We have four observations:
First, we are aware of the severity of the problem of hunger because we are in close touch with the people on the ground. Ours is not an academic knowledge of hunger. Our sisters and brothers of our Interfaith Peacemaker (IP) Teams are going severely hungry. Their children are becoming stunted and aren’t able to go to school. Their families are being torn apart by the struggle. This is not only true in Sri Lanka and Uganda, whose stories are recounted above, but in Nigeria, Kenya, Liberia, and Togo where we have IP Teams.
Second, most of our countries are agrarian economies. In Uganda, 70% of the population are subsistence farmers. They depend on water. There was a time when water was a reliable resource. They had a consistent rainy season and a dry season, and farmers knew when to plant and when to harvest. But today it’s all mixed up. Severe droughts followed by torrential rains cause havoc on agriculture and small-holder farmers who have no resources to take remedial steps. No one knows anymore when to plant. They also know that they are not the ones causing rapid climate change, but that it is other nations’ greenhouse gas emissions. There’s nothing they can do to stop it.
Third, countries that are most vulnerable to climate change disasters are also the ones least capable of addressing this loss and damage because of their lack of adequate financial, technical, and institutional capacities. These climate change events have affected the human rights to life,health, food, water, housing, livelihoods, education, and development of millions of people. The intersectionality of these issues that arise out of food insecurity demonstrate that human rights are at the core of the climate change and food security nexus in the countries where we have IP Teams.
Fourth, OMNIA is documenting human rights violations that these countries suffer. We are now preparing a response on behalf of the government of Sri Lanka, an Amicus Curiae brief to the International Court of Justice, following the request of the UN General Assembly to establish the legal accountability of those states responsible for the climate crisis and to demand justice for those affected by it.

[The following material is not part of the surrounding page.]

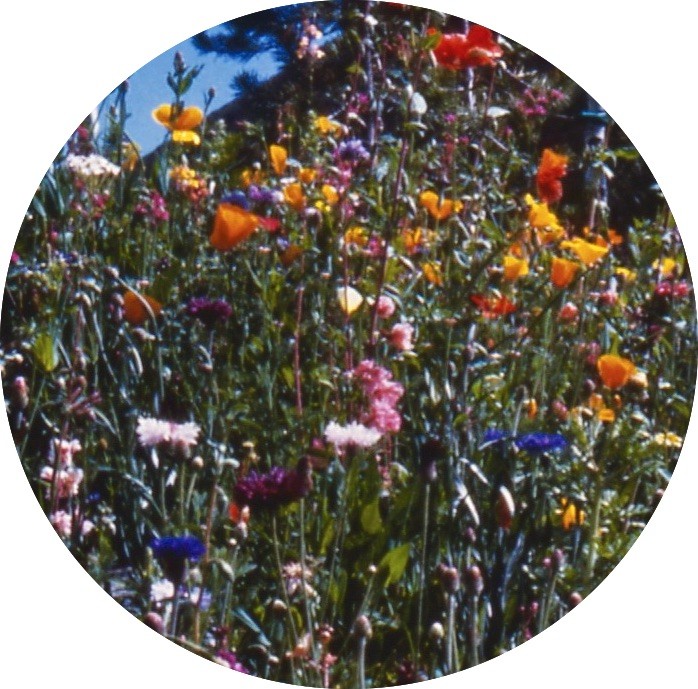 Idaho Wildflower Mix | Wildflower Seeds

By working cooperatively, religious communities have learned how to solve most problems in their own villages and neighborhoods by themselves. The problem of climate change induced food insecurity, though, goes beyond the local to national and global levels, to the decision-making processes of secular governments.
OMNIA’s religious leaders bring a unique perspective to any such conversation. They have learned how to plumb the depths of their own traditions to find their universal application. In that depth they not only see but are inspired and resourced by the potency of their own, and of others' spiritual traditions. This capacity provides a new source of wisdom and skill to adapt to and overcome limits that tend to govern the processes of secular governments. This is a compelling skill for solving many existential threats and problems, including the contextual impacts of climate change.